Friday, January 11, 2013

Did this Indian-American hide $8 mn via HSBC’s secret accounts?


An Indian-American entrepreneur has pleaded guilty to charges that he concealed from US tax authorities nearly $7.9 million which he held in secret bank accounts in India and Switzerland and has agreed to pay $2.4 million penalty for not disclosing them.
Sanjay Sethi, 52, of New Jersey pleaded guilty on Tuesday before US District Judge Jose Linares in Newark federal court to an information charging him with conspiracy to conceal assets in undeclared bank accounts from the Internal Revenue Service (IRS).
Sethi used corporations in the Cayman Islands and the British Virgin Islands to conceal his assets and income he held in secret bank accounts in Switzerland and India, US Attorney Paul Fishman said.
“Our criminal laws do not tolerate those who use foreign accounts to conceal their assets,” Fishman said. “Cheating the government out of tax dollars hurts all honest taxpayers.”
Sethi faces a maximum potential sentence of five years in prison and a fine of $250,000 when he is sentenced on April 18. He has agreed to file true and accurate tax returns and to pay to the IRS all taxes and penalties owed, in addition to the $2.4 million penalty.

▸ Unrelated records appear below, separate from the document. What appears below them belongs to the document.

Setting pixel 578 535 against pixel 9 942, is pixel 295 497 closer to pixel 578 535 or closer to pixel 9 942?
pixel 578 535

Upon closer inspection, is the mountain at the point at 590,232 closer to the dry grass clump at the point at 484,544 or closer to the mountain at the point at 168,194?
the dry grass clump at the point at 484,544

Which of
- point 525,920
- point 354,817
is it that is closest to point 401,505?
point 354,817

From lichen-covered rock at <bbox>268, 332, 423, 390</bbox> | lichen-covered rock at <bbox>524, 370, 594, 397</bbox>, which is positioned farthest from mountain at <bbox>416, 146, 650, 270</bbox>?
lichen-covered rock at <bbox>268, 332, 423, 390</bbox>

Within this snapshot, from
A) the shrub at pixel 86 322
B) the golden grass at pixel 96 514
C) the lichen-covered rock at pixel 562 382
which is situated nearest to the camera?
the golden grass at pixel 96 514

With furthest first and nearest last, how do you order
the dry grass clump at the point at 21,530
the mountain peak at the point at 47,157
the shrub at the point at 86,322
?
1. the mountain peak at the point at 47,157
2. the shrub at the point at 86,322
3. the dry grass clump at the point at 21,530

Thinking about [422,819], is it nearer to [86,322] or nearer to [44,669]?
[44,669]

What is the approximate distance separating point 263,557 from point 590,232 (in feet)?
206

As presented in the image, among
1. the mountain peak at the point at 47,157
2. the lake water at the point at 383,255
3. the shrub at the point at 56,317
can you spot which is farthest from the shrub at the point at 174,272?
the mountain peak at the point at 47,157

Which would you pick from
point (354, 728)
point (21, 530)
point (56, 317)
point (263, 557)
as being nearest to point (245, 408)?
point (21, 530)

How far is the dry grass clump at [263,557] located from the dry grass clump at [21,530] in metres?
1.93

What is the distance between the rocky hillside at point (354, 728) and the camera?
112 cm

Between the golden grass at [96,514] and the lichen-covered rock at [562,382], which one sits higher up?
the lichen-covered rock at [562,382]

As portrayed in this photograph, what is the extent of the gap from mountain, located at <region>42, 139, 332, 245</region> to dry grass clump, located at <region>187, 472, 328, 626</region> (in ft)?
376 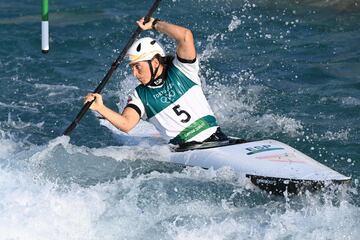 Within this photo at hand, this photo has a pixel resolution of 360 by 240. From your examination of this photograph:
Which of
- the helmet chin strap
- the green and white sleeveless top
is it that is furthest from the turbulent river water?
the helmet chin strap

The criminal information says that Sethi opened secret accounts with “one of the largest international banks” headquartered in England with offices in Hong Kong, Singapore, India and the US. While the information has not named the bank, media reports said the bank is HSBC. The bank operated a division in the US called NRI Services through which it encouraged US citizens to open undeclared bank accounts in India, the 12-page criminal information said.
According to documents filed in the case, Sethi schemed with bankers from the US, UK and Switzerland to conceal his assets and income derived from those assets. Sethi used nominee and shell companies formed in tax-haven jurisdictions to conceal his ownership and control of assets from the IRS, besides filing false and fraudulent tax returns with the IRS.
Born in India, Sethi became a lawful permanent resident of the US in March 1989 and a US citizen in June 2004. He opened an IT and software development company SanVision Technologies in 1992 and also set up an entity Karol Bagh Charitable Trust which he used to conceal his ownership of undeclared accounts in Switzerland into which Sethi deposited the proceeds of real estate transactions related to properties located in India.
Between 2001 to 2009, Sethi met with his co-conspirators and opened numerous undeclared bank accounts in India and Switzerland, and used shell companies to transfer millions of dollars to undeclared offshore accounts. The total tax loss to the government was between $80,000 and $200,000.
“This guilty plea serves as another warning to those who still think they can hide their assets offshore through the use of shell companies, nominees, and foreign bank accounts,” Assistant Attorney General Kathryn Keneally of the Justice Department s Tax Division said.
According to the criminal information, Sethi met with ‘UK banker A’ at the offices of the bank in New York and discussed opening of an undeclared bank account in Switzerland. The banker told Sethi that the undeclared account would allow his assets to grow tax free and that bank secrecy laws in Switzerland would allow Sethi to conceal the existence of the account.
Since 2003, Sethi transferred $3.4 million, $2.3 million and another $2.2 million, when he sold a house in New Jersey, in the undeclared accounts. Sethi also failed to file a Report of Foreign Bank or Financial Accounts (FBAR) with respect to his foreign accounts. US citizens who have an interest in a financial account in a foreign country with assets in excess of $10,000 are required to disclose the existence of such account on their individual income tax returns.
“The object of the conspiracy was for Sethi and his co-conspirators to conceal from the IRS the existence, ownership and income derived from Sethi’s undeclared bank accounts in Switzerland and India,” the charges said.
HSBC branches have been under investigation for offshore tax evasion. Last month, HSBC agreed to pay $1.92 billion to settle allegations of violating US money laundering laws. Apart from Sethi, several other Indian-origin men based in the US have been charged with using HSBC accounts to hide income in India. New Jersey businessman Vaibhav Dahake had pleaded guilty in April 2012 to conspiring with HSBC bankers to hide his Indian accounts from the IRS.
Last August, federal jurors convicted Milwaukee neurosurgeon Arvind Ahuja on tax fraud charges, including that he filed false tax returns and failed to report to federal authorities millions of dollars hidden in offshore accounts.